Because diffracted 'matter waves' passing through slits are detected as particles, but repeated detections are grouped in an interference pattern, like waves. He didn't talk about flow because he was a positivist, and didn't want to talk about flows or trajectories of things that couldn't be seen directly.

(Despite the fact that the mathematics implies it directly if one simply says that probability means the probability that a particle is at x, rather than the probability of being found at x in a suitable measurement. Then psi squared is the probability density of particles, and if the probability density changes with time, the particles must `flow'.).

* Why in the pilot wave theories we talk about a 'particle', definitely preferring one side of the spectrum?

Because in pilot wave theory, particles have both positions and velocities. Thus, they exist and they flow.

* Why in CI wavefunction 'collapses' to something particle-like? But we can measure the momentum as well...

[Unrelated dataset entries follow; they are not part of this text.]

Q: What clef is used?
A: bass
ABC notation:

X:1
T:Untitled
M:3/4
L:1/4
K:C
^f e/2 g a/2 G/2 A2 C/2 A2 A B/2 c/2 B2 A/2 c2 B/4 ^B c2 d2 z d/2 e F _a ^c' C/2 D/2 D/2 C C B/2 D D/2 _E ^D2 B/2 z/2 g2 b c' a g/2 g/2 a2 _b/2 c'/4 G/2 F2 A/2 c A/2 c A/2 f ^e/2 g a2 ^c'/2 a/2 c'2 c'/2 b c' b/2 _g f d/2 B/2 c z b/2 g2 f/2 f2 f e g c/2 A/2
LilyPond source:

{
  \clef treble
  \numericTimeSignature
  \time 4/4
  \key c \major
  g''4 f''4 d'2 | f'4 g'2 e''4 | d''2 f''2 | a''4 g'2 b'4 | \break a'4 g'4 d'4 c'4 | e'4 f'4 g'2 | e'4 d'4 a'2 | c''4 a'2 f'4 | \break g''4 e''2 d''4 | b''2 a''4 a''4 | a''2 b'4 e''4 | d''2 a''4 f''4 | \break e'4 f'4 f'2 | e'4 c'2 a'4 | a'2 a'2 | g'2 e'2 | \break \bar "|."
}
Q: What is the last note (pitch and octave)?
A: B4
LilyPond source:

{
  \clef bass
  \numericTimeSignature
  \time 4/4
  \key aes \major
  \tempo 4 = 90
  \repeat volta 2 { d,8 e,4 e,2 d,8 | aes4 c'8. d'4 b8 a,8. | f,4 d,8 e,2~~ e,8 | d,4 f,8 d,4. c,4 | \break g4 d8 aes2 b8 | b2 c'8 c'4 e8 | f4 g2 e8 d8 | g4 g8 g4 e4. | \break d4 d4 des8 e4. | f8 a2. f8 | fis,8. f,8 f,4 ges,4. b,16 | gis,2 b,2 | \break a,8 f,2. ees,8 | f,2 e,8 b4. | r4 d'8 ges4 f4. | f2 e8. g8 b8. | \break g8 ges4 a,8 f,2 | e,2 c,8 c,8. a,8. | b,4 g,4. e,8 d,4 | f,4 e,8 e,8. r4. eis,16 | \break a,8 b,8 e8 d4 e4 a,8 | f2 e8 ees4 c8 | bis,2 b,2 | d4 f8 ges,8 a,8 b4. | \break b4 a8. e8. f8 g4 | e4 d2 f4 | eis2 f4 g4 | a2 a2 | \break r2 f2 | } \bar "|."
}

Who knows? The definition of momentum according to Heisenberg is based on classical physics, and does not correspond to the actual momentum of the thing that is flowing. If you analyze it more closely, Heisenberg's momentum uncertainity can be identified with a component of the total stress tensor of the psi-field. And who cares about that?

Believing that a 'momentum measurement' measures the momentum of something derives from the viewpoint commonly called 'naive realism about operators'.